Jennifer Lopez has a great deal of experience in wedding planning angst, both on and off the screen, especially in her latest movie, Shotgun Wedding, a mixture of comedy, romance, and dramatic action.
The 53-year-old Lopez, actress, singing sensation, dancer, fashion designer, and entrepreneur, has teamed up with longtime producing partners Benny Medina and Elaine Goldsmith-Thomas, (Maid in Manhattan and Marry Me).
The movie, a zany comedy, and heartfelt romp, premieres on Prime Video on January 27.
With Josh Duhamel as her groom, and a bridal party filled with a stellar ensemble cast, including Cheech Marin, Lenny Kravitz, Steve Coulter, and Jennifer Coolidge, Shotgun Wedding puts a spin on the typical romantic comedy with an action-adventure twist.
The film follows Darcy (Jennifer Lopez) and Tom (Josh Duhamel) as they gather their lovable-but-very-opinionated families for the ultimate destination wedding, just as the couple begins to get cold feet.
As if all of this wasn’t enough of a threat to the celebration, the wedding party is taken hostage suddenly, endangering everyone’s lives. The high drama onscreen inspired a party-centric atmosphere during filming that led the star-studded cast to bond more closely with each other.
The film’s director, Jason Moore, said, “Oh, look, every day they’re bonding more, and it shows in the movie. You’re around people who love each other in the movie. It’s really great!”
He said the camaraderie he felt made the film production feel like the ensemble atmosphere of a play. “This is why I was calm because the scene was actually happening. Everyone was on all the time because they were on camera most of the time because we were all so close together. There was an energy to it that I really fed off of, and I think works great for the movie.”

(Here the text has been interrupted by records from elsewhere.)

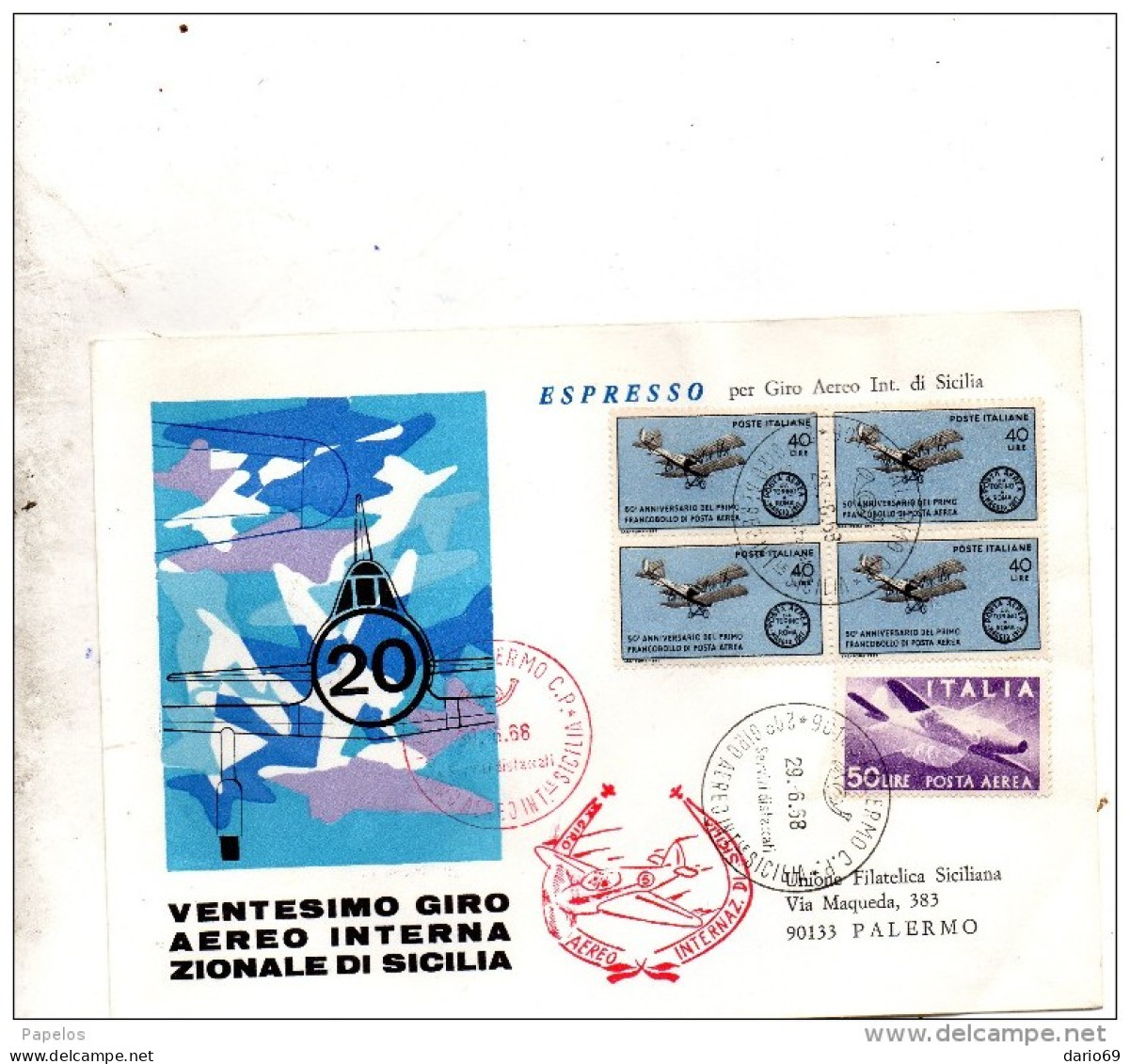 1968  LETTERA CON ANNULLO VENTESIMO GIRO AEREO DI SICILIA - 1961-70: Poststempel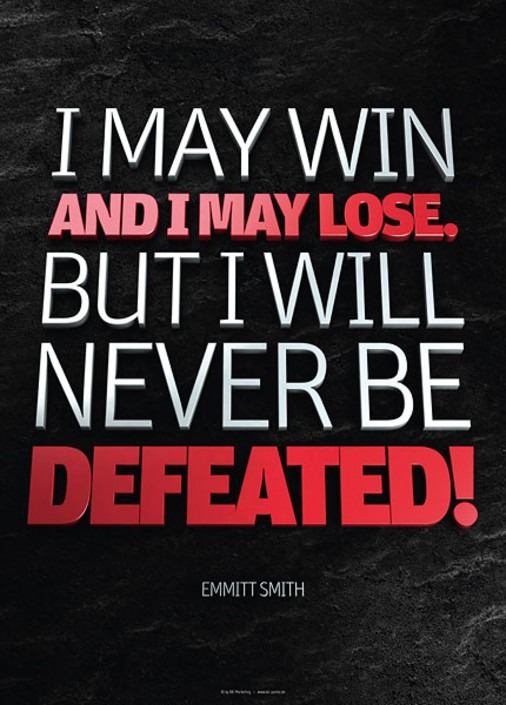Emmitt Smith – I may win and I may lose | Poster und Leinwand 1 Poster emmit smith - i may win and i may lose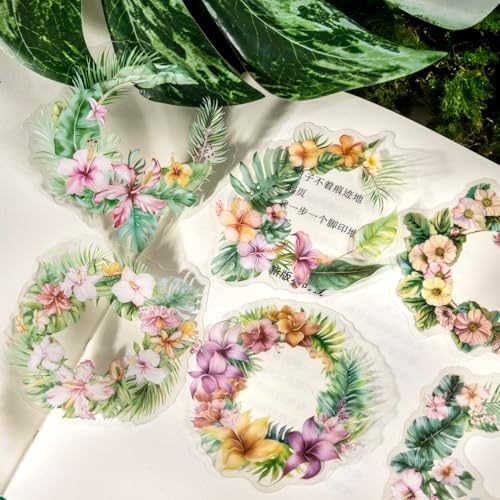 120 Pcs Tropical Flower and Leaf Stickers for Scrapbooking
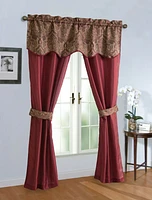 Kate Aurora 5 Piece Sheer Curtain & Valance Set - 52 in. W x 84 L, Blue/Gray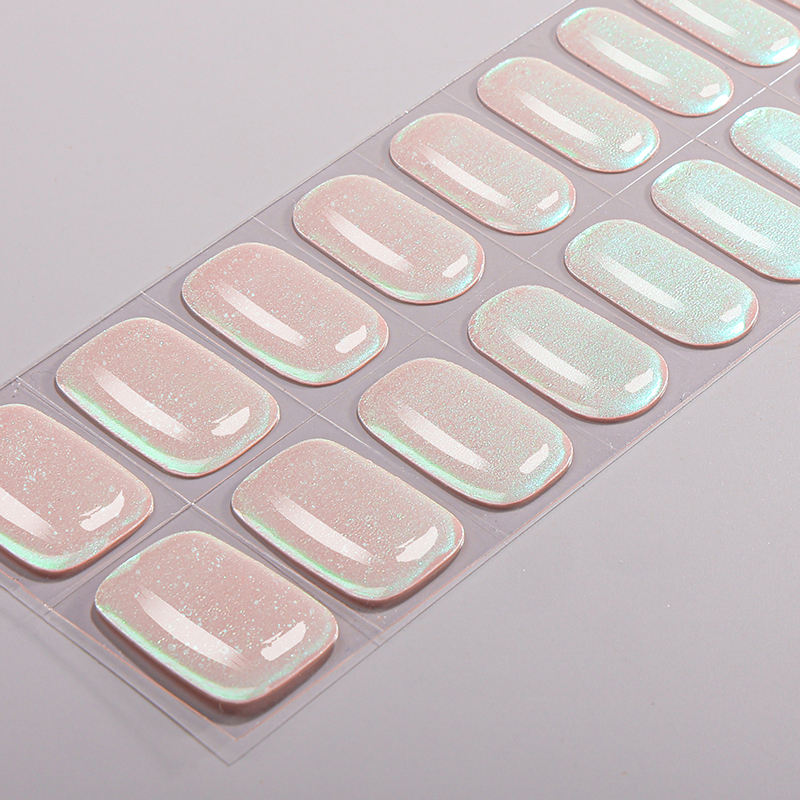 S-shaped Cateye Half-baked Eco-Friendly Spring Fresh Transparent Daisy UV Semi-cured Gel Nail Sticker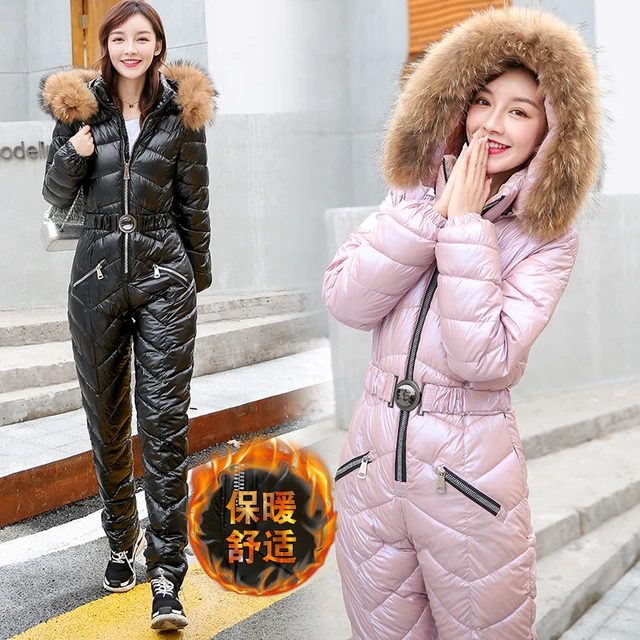 Mono de esquí cálido para Mujer, traje de nieve deportivo al aire libre,  abrigo de cuello de lana sintética con capucha, Monos de esquí, Invierno -  AliExpress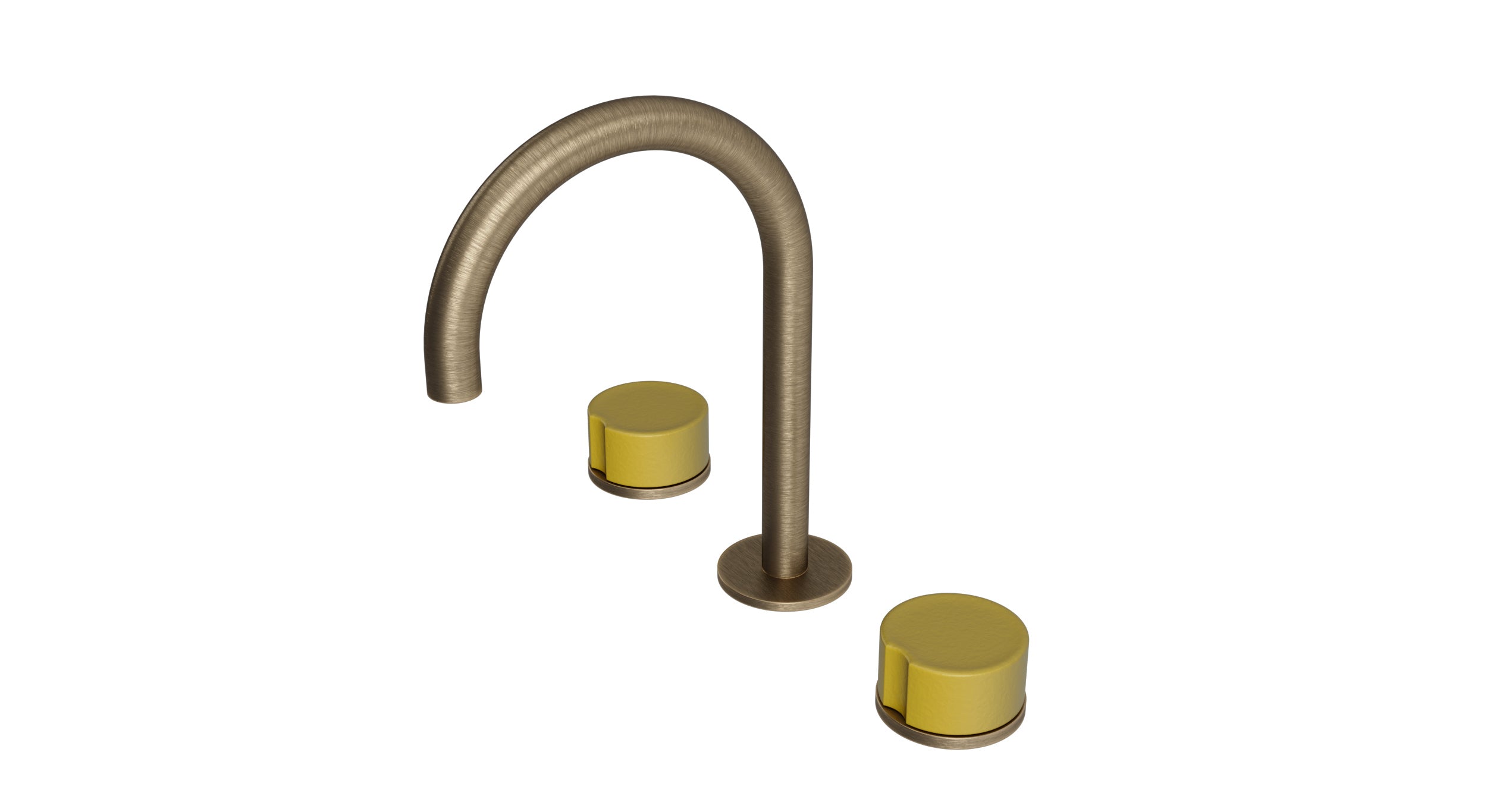 Foundry Two Handle Deck Mount Gooseneck Lavatory Faucet with Groove Ceramic Knob Handles in Antique Brass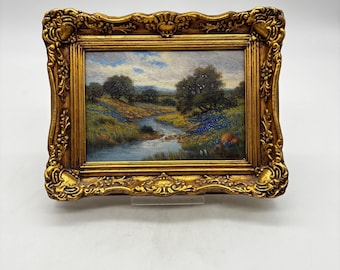 Vintage 1984 Petite Original Oil on Canvas Painting in Ornate Gold Frame. Texas Hillcountry In Spring Landscape with Bluebonnets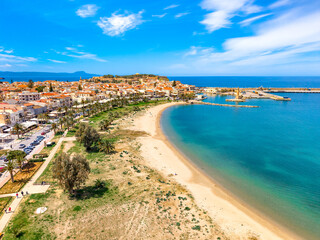 Fototapeta premium Rethimno city with the fortress of Fortezza, Crete, Greece.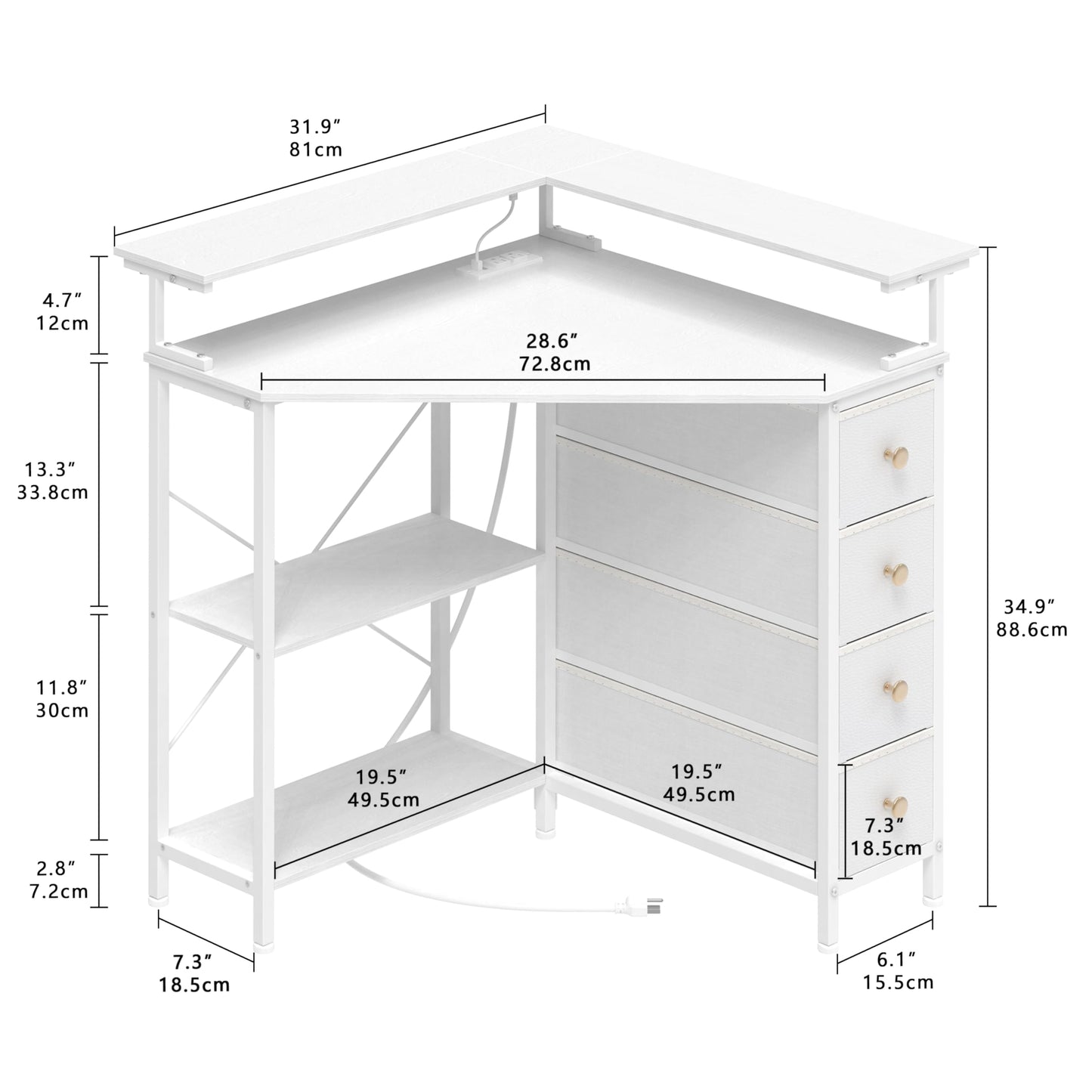 VENNQD Corner Desk with Drawers Shelves for Small Space 90 Degrees Triangle Computer Desk with Power Outlets,Gaming Desk with LED Lights Monitor Stand for Home Office Workstation Writing Table (White)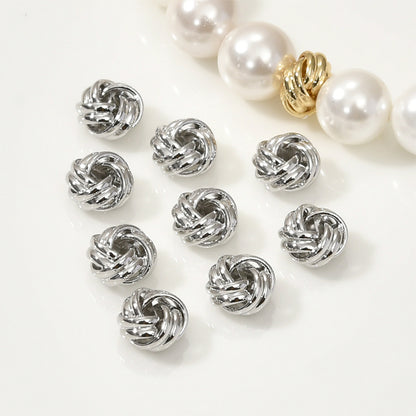 Brass Yarn Ball Metal Beads 7mm Twisted Design 10pcs 5
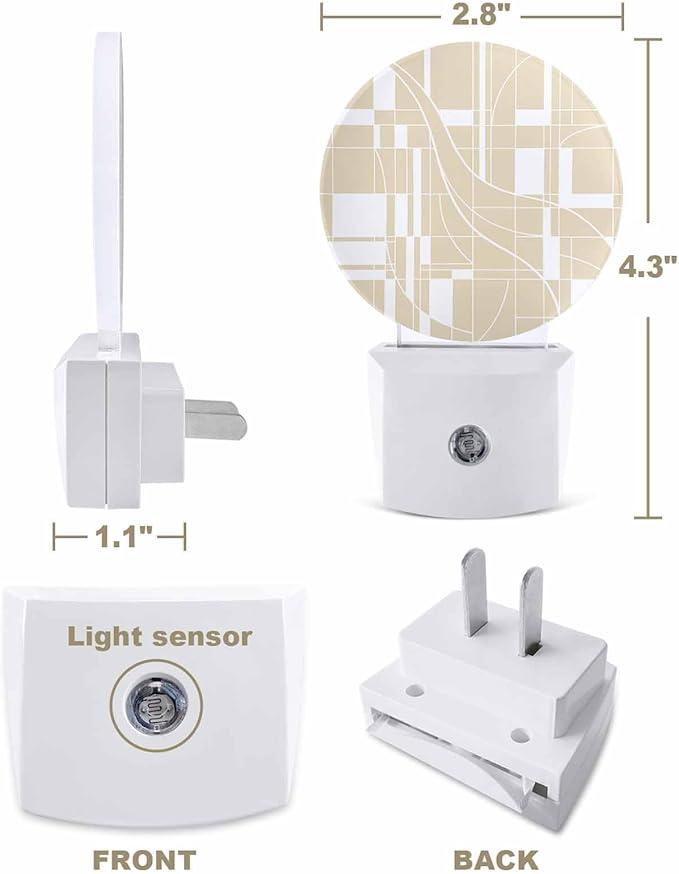 Night Lights Auto Sensor Beige Lines Night Light Modern Abstract Art Round Lamp Plug-in LED Nightlights Dusk to Dawn for Living Room Bedroom Bathroom Hallway Wall Decor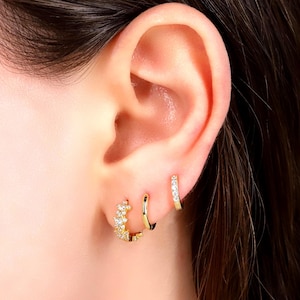 Gold Huggie Hoop Earrings Set, CZ Dainty Ear Stack, 3 Piece Minimalist Hoop Set, Sterling Silver Small Hoop Earrings Stacking Set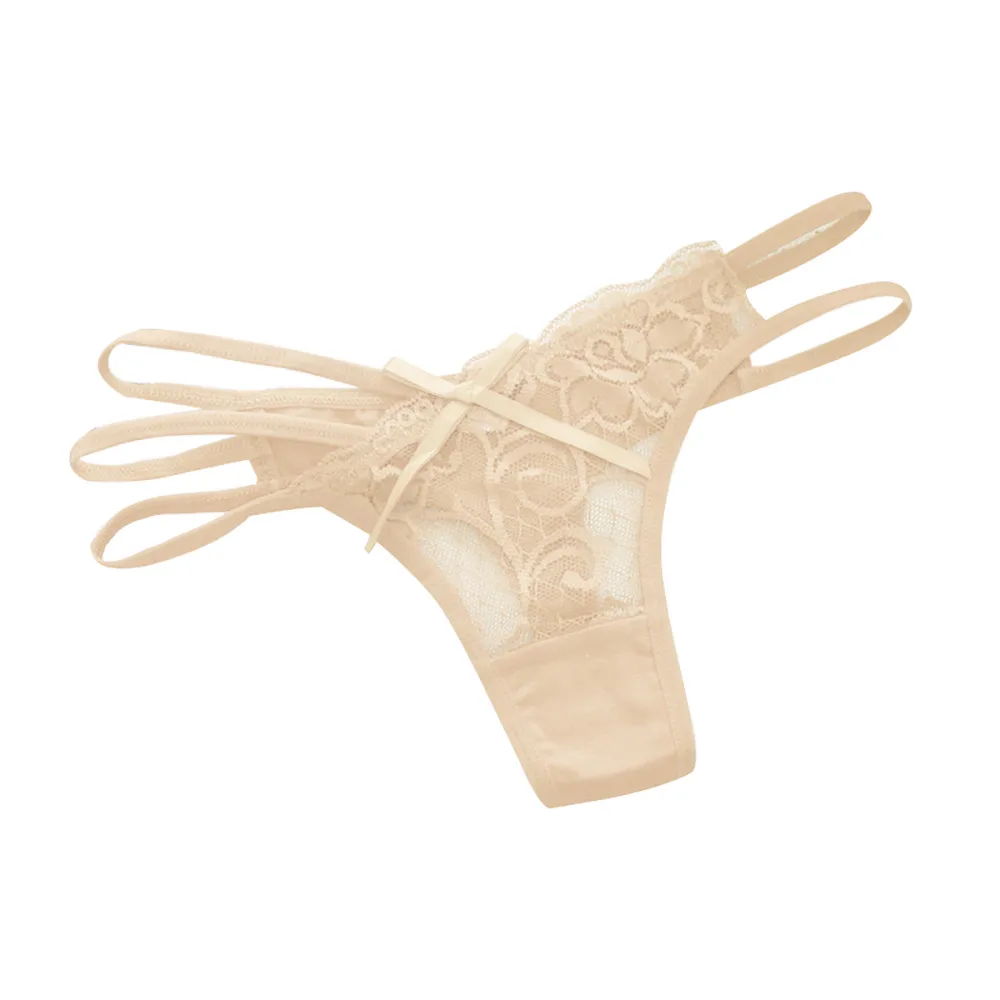Сексуальное женское Сетчатое Бандажное белье трусики стринги бесшовные с бантом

Knowing it was a Jennifer Lopez movie, Moore said he put a lot of that pressure on himself, but he never felt it from his accomplished leading lady. “I felt safe that I could say to her things I don’t understand. It was just a wonderful collaboration. But, yes, the bar was really high, so I did a lot of meditating.”
The words “Until Death Do Us Part” take on a whole new meaning in this hilarious, adrenaline-fueled adventure as Darcy and Tom must save their loved ones – that is, if they don’t kill each other first.
Read on for what Jennifer Lopez and Josh Duhamel enjoyed about playing a betrothed couple and how each of them could relate the movie to their personal recent wedding experiences.
Monsters and Critics: We haven’t seen a movie with this cat-and-mouse antics since Indiana Jones hit the airwaves. Why do you think audiences crave this adventure genre that you went on?
Josh Duhamel: I love the Indiana Jones comparison.
Jennifer Lopez: I saw it as more like Romancing the Stone.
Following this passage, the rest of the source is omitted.